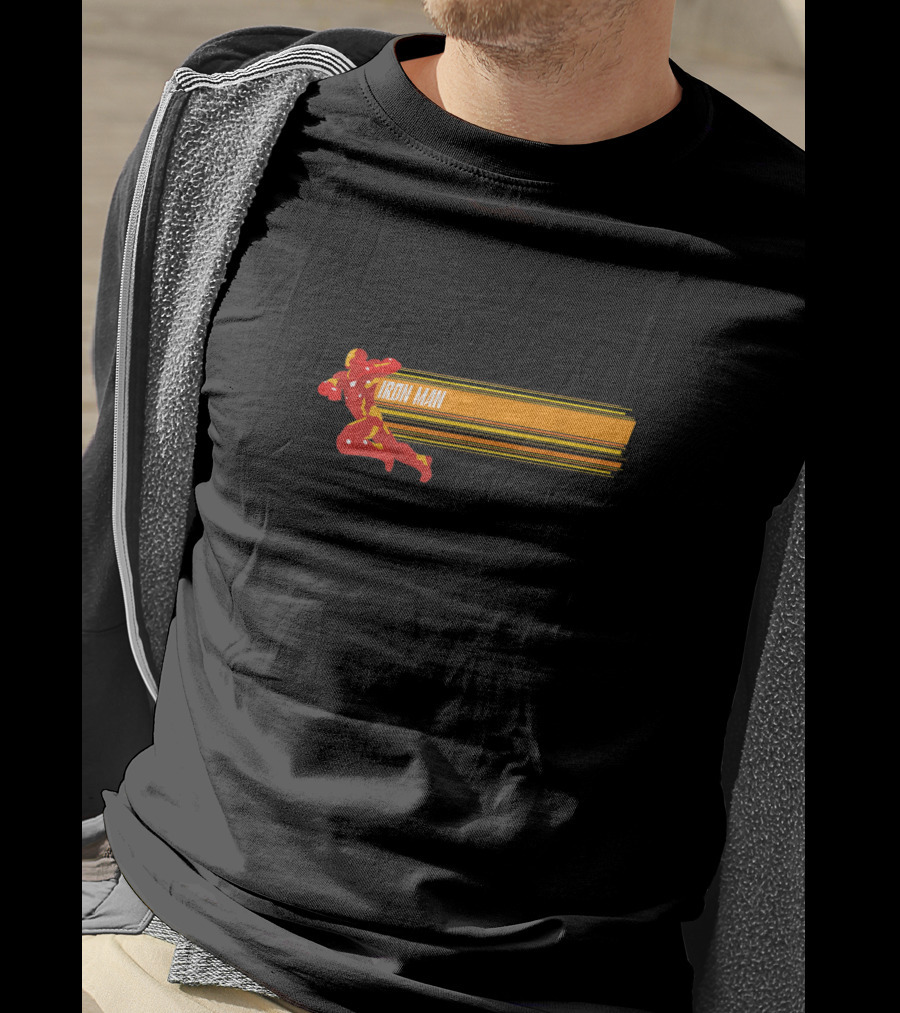 Marvel Iron Man Speed Stripes Dynamic Action Sprint T-Shirt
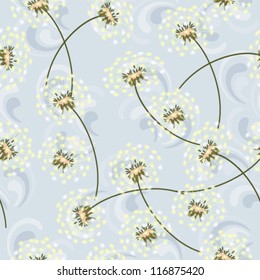Seamless texture made of dandelions and wind waves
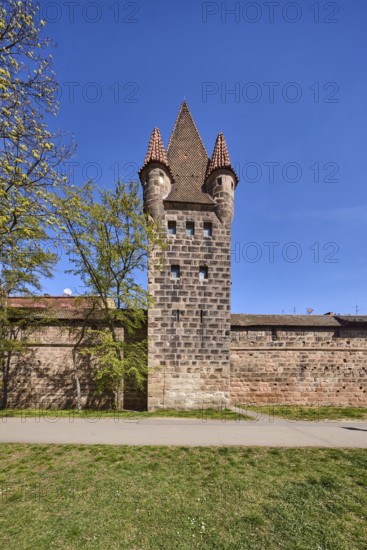 Old town, city fortification, city wall, defence defence tower, footpath, tree, lawn, blue sky,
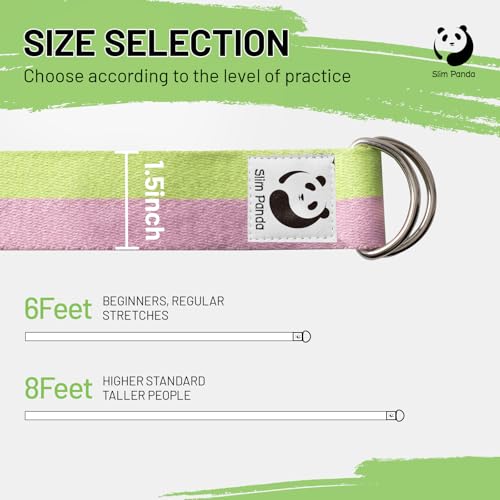 Slim Panda Yoga Strap for Stretching,Cotton Yoga Strap with Adjustable D-Ring Buckle,Non-Elastic Yoga Belt for Pilates,Gym Workouts,Physical Therapy,Improve Flexibility - color: Cymbidium, size: 8 Feet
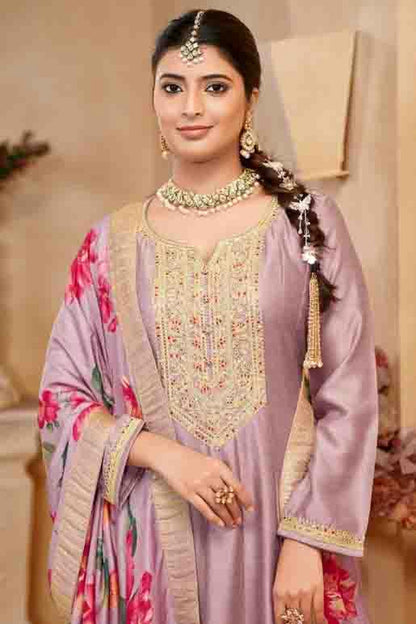 Light Purple Colour Vichitra Silk Anarkali Suit VSSM1112945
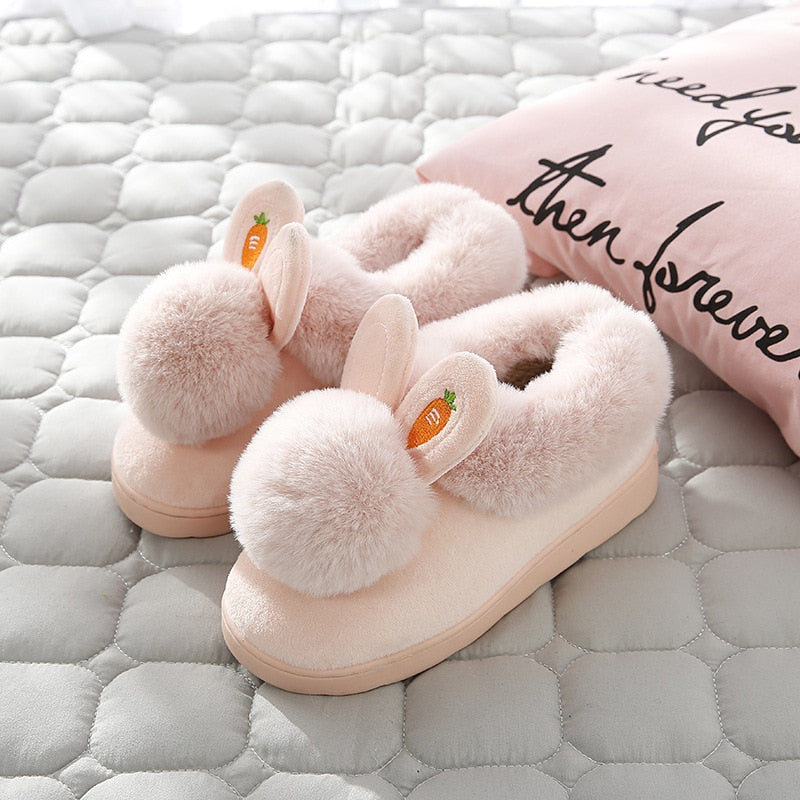 Winter Cotton Slippers Indoor Thick Bottom Autumn Winter Warm Shoes Cute Lovely Rabbit Ear Plus Plush Slippers Shoes Women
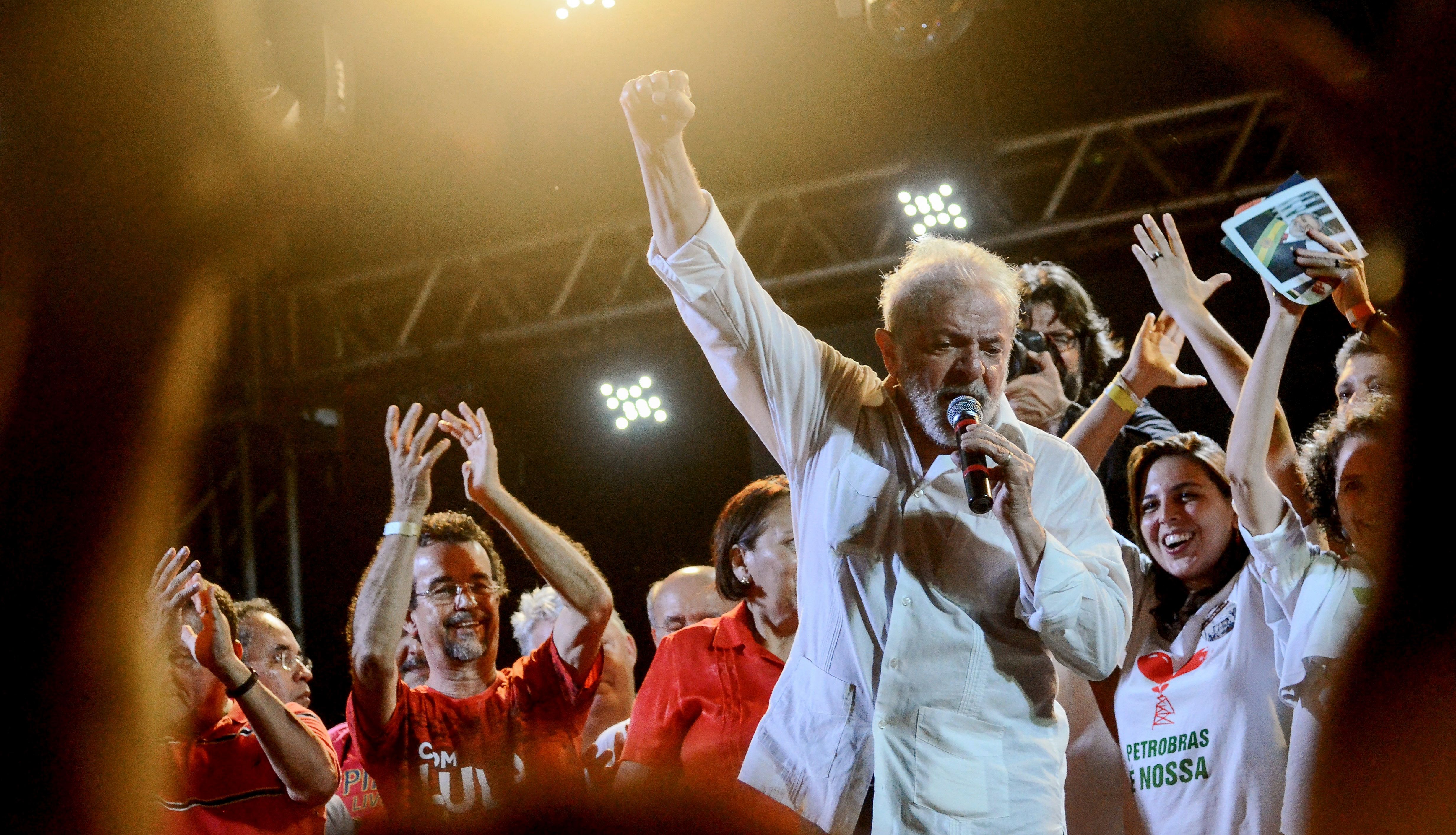 epa06169465 Former Brazilian President Luiz Inacio Lula da Silva participates in a rally with his supporters in Mossoro, Rio Grande do Norte state, Brazil, 28 August 2017. Lula da Silva is on a tour of the north of Brazil, called the 'Lula Project for Brazil' by the Workers Party (PT) of Brazil. on 17 August Lula began a 20 day tour of 25 cities and nine northern states in Brazil to 'know the needs of the people,' while entertaining the possibility of being a candidate for the PT in the 2018 Presidential elections.  EPA/NEY DOUGLAS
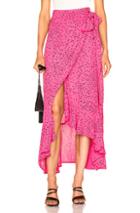 Ganni Barra Crepe Skirt In Pink,floral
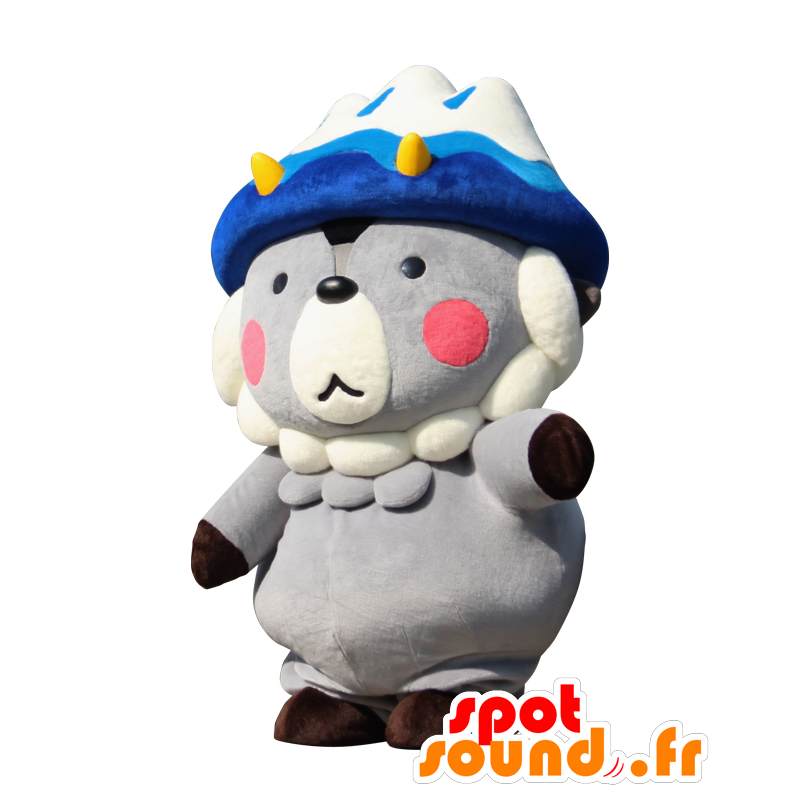 Oomapyon mascotte, grigio e bianco orsacchiotto, vestito di re - MASFR25415 - Yuru-Chara mascotte giapponese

○ ○ ○ ○

== PROBLEM TO WORK ON ==
Your task is to transcribe exactly the lines from the one containing "Ganni Barra Crepe Skirt In Pink,floral" through the final line of the entries above, pictures excluded.

== SOLUTION ==
 Ganni Barra Crepe Skirt In Pink,floral
 Oomapyon mascotte, grigio e bianco orsacchiotto, vestito di re - MASFR25415 - Yuru-Chara mascotte giapponese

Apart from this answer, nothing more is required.